= Work item =
When you output the entries, begin with the first line and end with the line containing "Meguiar's ME ME", keeping each line exactly as it is.

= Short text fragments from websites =
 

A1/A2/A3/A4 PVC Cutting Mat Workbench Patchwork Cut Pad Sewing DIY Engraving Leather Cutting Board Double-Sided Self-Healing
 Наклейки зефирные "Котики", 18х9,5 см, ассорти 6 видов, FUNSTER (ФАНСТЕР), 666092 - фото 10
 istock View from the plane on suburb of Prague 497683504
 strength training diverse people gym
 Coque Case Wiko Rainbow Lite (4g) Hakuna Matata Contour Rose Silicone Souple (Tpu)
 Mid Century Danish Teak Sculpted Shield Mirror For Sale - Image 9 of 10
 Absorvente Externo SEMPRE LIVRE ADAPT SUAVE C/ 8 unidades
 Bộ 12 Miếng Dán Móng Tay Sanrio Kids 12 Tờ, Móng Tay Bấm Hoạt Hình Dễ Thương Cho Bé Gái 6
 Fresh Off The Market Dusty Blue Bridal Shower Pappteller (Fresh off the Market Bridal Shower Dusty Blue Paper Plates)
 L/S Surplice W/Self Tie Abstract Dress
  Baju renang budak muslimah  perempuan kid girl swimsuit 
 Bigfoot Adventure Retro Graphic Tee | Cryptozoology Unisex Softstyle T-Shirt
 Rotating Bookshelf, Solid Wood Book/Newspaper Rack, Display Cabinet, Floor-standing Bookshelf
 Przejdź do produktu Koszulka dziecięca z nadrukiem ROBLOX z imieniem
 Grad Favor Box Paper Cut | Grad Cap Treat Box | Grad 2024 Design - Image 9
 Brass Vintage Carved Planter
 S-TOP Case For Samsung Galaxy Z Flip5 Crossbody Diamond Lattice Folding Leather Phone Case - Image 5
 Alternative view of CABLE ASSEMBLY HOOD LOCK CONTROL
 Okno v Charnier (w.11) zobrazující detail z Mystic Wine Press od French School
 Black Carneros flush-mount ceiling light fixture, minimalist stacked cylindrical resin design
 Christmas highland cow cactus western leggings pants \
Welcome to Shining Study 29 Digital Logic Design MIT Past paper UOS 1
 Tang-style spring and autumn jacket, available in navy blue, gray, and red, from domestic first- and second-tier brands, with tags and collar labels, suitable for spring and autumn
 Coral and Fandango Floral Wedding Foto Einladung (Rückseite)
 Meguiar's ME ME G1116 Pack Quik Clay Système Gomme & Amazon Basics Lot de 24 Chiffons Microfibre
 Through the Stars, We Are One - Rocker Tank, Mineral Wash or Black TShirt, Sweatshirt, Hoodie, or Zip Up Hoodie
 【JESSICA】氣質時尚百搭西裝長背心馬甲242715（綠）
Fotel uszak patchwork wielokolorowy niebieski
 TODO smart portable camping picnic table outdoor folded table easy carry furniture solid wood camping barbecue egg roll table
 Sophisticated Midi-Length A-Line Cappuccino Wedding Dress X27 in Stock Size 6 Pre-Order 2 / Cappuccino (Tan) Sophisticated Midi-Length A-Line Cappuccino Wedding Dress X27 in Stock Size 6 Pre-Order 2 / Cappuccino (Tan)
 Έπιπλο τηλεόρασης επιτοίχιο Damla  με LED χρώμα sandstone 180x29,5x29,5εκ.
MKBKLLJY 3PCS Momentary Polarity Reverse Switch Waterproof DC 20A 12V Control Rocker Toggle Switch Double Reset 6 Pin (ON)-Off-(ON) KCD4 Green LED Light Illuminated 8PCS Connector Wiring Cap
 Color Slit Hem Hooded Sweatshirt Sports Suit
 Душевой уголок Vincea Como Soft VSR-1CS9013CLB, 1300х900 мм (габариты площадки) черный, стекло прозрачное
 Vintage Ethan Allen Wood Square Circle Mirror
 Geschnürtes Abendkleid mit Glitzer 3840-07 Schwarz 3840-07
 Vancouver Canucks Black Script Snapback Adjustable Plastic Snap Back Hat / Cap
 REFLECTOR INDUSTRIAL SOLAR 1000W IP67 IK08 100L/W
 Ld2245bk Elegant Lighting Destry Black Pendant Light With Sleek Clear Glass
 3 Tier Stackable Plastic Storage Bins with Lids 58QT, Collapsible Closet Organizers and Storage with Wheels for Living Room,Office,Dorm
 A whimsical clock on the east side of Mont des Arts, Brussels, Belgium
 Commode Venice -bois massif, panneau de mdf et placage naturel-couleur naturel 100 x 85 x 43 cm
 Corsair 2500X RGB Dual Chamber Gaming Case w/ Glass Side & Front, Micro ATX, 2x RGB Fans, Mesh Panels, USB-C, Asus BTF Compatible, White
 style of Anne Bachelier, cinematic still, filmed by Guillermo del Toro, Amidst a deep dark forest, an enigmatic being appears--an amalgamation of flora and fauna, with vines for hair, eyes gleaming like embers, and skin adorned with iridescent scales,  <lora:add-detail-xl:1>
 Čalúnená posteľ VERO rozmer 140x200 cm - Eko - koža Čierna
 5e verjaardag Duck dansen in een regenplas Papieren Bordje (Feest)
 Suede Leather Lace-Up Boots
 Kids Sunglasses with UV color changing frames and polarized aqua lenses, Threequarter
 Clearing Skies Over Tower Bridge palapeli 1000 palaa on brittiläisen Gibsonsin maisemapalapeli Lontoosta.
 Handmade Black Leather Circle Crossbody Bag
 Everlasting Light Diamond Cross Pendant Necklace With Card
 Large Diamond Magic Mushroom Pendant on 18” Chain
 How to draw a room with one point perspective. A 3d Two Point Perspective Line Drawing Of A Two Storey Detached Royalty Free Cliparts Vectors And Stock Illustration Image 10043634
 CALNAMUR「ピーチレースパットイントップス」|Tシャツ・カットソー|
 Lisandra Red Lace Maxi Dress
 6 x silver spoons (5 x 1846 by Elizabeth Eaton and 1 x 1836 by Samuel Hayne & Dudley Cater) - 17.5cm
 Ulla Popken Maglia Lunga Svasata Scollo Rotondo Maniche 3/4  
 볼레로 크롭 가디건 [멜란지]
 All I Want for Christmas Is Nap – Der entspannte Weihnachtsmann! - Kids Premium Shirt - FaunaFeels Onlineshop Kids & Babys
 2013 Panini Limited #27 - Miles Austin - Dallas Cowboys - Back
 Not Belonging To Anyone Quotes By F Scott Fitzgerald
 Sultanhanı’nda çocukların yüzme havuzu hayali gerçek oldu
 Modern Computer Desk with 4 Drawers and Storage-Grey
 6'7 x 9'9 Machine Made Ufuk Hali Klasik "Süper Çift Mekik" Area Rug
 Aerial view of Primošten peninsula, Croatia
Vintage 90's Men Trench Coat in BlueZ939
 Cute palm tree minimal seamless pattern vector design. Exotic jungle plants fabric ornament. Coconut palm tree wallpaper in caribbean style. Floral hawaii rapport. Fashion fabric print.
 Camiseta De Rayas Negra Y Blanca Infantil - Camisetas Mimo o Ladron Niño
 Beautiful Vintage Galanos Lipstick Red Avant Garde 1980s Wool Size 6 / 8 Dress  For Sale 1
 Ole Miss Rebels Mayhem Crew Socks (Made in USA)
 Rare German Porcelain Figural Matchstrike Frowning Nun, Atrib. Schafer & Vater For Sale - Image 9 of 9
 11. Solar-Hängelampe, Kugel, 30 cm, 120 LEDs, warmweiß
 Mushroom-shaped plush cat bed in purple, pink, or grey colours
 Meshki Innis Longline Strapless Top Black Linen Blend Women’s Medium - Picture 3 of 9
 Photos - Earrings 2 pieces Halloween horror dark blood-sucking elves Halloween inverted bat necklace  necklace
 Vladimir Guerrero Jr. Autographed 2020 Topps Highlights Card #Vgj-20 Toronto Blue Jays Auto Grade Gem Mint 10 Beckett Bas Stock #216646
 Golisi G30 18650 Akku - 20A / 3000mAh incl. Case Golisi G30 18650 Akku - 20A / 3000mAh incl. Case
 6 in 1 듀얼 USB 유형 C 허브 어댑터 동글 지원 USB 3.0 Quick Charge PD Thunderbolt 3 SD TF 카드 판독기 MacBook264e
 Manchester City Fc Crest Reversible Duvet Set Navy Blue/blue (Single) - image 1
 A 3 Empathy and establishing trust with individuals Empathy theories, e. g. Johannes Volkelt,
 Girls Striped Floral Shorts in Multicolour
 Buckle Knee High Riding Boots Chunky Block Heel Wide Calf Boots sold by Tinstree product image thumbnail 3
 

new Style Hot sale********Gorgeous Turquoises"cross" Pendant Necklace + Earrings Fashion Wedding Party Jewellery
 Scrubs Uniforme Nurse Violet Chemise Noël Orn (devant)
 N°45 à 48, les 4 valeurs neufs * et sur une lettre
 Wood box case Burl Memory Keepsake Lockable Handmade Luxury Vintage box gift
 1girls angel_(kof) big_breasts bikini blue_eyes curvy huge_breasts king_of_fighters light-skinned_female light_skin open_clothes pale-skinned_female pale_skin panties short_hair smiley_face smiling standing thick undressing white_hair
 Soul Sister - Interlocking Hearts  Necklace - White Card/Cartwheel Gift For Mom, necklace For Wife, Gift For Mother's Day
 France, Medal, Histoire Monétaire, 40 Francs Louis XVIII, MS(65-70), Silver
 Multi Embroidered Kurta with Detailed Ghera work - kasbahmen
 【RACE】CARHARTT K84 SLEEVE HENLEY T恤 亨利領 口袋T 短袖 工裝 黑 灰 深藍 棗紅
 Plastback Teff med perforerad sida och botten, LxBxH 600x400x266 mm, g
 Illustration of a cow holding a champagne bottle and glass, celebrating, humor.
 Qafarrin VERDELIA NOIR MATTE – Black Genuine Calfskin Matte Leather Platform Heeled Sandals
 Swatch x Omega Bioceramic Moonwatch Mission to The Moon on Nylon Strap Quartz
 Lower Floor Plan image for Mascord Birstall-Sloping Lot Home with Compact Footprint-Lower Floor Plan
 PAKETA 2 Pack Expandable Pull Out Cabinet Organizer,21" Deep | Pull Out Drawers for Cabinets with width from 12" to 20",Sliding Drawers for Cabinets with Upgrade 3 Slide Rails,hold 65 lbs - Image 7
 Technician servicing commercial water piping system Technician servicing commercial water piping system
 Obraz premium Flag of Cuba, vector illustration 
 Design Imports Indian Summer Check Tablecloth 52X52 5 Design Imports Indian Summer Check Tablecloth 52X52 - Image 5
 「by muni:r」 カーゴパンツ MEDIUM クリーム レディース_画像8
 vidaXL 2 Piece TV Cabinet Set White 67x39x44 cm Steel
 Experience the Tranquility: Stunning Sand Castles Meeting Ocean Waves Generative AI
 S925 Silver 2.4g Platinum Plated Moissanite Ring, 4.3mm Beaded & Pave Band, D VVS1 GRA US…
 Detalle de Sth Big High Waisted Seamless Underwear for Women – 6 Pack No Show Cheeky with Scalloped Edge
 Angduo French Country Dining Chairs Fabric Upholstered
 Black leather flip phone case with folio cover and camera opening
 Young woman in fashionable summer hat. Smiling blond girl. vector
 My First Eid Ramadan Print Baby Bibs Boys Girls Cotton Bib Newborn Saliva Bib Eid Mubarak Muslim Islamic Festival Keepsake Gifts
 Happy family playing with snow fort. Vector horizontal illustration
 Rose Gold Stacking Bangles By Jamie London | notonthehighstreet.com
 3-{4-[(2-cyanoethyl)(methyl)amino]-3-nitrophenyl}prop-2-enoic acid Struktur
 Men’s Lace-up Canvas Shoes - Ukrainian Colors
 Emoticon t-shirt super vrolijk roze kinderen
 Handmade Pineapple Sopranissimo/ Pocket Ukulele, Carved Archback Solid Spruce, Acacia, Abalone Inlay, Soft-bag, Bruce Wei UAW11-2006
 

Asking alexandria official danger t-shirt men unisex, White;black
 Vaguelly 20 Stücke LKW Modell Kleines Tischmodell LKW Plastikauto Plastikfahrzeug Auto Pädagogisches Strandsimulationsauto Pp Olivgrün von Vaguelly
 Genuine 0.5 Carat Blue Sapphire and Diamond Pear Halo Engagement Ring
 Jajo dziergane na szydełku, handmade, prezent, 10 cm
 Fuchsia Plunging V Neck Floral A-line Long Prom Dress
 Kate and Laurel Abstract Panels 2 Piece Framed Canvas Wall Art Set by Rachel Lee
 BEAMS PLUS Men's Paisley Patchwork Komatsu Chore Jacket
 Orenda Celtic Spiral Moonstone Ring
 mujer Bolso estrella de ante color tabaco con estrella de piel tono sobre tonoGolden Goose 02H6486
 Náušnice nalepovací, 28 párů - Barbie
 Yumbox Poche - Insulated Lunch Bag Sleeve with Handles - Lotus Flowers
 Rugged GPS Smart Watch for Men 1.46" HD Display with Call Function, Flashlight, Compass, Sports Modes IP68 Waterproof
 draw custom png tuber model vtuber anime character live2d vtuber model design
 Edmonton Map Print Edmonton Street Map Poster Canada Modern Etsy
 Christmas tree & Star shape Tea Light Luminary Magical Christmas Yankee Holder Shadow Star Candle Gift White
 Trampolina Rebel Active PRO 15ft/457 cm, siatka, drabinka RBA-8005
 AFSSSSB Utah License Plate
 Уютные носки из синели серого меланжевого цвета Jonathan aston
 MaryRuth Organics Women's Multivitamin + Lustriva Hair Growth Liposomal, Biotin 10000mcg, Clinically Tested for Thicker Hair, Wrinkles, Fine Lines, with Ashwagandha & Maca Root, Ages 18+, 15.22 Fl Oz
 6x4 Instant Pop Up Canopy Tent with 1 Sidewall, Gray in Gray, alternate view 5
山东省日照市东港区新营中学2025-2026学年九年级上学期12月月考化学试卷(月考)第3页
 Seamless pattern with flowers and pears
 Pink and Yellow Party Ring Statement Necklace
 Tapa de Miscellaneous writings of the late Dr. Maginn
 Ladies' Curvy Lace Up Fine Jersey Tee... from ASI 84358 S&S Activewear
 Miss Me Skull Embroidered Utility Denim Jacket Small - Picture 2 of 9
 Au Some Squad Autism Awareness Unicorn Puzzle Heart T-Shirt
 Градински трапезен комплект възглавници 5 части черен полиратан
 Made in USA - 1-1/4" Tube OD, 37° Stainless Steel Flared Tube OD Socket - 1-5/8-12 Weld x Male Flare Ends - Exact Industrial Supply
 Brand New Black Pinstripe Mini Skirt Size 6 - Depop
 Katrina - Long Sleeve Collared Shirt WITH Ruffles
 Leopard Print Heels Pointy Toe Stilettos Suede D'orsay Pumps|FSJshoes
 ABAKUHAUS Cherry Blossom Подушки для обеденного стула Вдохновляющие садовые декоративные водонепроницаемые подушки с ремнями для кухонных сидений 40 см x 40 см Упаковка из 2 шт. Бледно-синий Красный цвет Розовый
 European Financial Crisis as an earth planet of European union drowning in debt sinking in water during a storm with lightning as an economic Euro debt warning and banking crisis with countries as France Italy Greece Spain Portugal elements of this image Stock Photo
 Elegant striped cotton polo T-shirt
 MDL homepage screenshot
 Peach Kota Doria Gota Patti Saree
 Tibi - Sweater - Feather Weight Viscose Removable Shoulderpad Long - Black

= Exercise response =
A1/A2/A3/A4 PVC Cutting Mat Workbench Patchwork Cut Pad Sewing DIY Engraving Leather Cutting Board Double-Sided Self-Healing
 Наклейки зефирные "Котики", 18х9,5 см, ассорти 6 видов, FUNSTER (ФАНСТЕР), 666092 - фото 10
 istock View from the plane on suburb of Prague 497683504
 strength training diverse people gym
 Coque Case Wiko Rainbow Lite (4g) Hakuna Matata Contour Rose Silicone Souple (Tpu)
 Mid Century Danish Teak Sculpted Shield Mirror For Sale - Image 9 of 10
 Absorvente Externo SEMPRE LIVRE ADAPT SUAVE C/ 8 unidades
 Bộ 12 Miếng Dán Móng Tay Sanrio Kids 12 Tờ, Móng Tay Bấm Hoạt Hình Dễ Thương Cho Bé Gái 6
 Fresh Off The Market Dusty Blue Bridal Shower Pappteller (Fresh off the Market Bridal Shower Dusty Blue Paper Plates)
 L/S Surplice W/Self Tie Abstract Dress
  Baju renang budak muslimah  perempuan kid girl swimsuit 
 Bigfoot Adventure Retro Graphic Tee | Cryptozoology Unisex Softstyle T-Shirt
 Rotating Bookshelf, Solid Wood Book/Newspaper Rack, Display Cabinet, Floor-standing Bookshelf
 Przejdź do produktu Koszulka dziecięca z nadrukiem ROBLOX z imieniem
 Grad Favor Box Paper Cut | Grad Cap Treat Box | Grad 2024 Design - Image 9
 Brass Vintage Carved Planter
 S-TOP Case For Samsung Galaxy Z Flip5 Crossbody Diamond Lattice Folding Leather Phone Case - Image 5
 Alternative view of CABLE ASSEMBLY HOOD LOCK CONTROL
 Okno v Charnier (w.11) zobrazující detail z Mystic Wine Press od French School
 Black Carneros flush-mount ceiling light fixture, minimalist stacked cylindrical resin design
 Christmas highland cow cactus western leggings pants \
Welcome to Shining Study 29 Digital Logic Design MIT Past paper UOS 1
 Tang-style spring and autumn jacket, available in navy blue, gray, and red, from domestic first- and second-tier brands, with tags and collar labels, suitable for spring and autumn
 Coral and Fandango Floral Wedding Foto Einladung (Rückseite)
 Meguiar's ME ME G1116 Pack Quik Clay Système Gomme & Amazon Basics Lot de 24 Chiffons Microfibre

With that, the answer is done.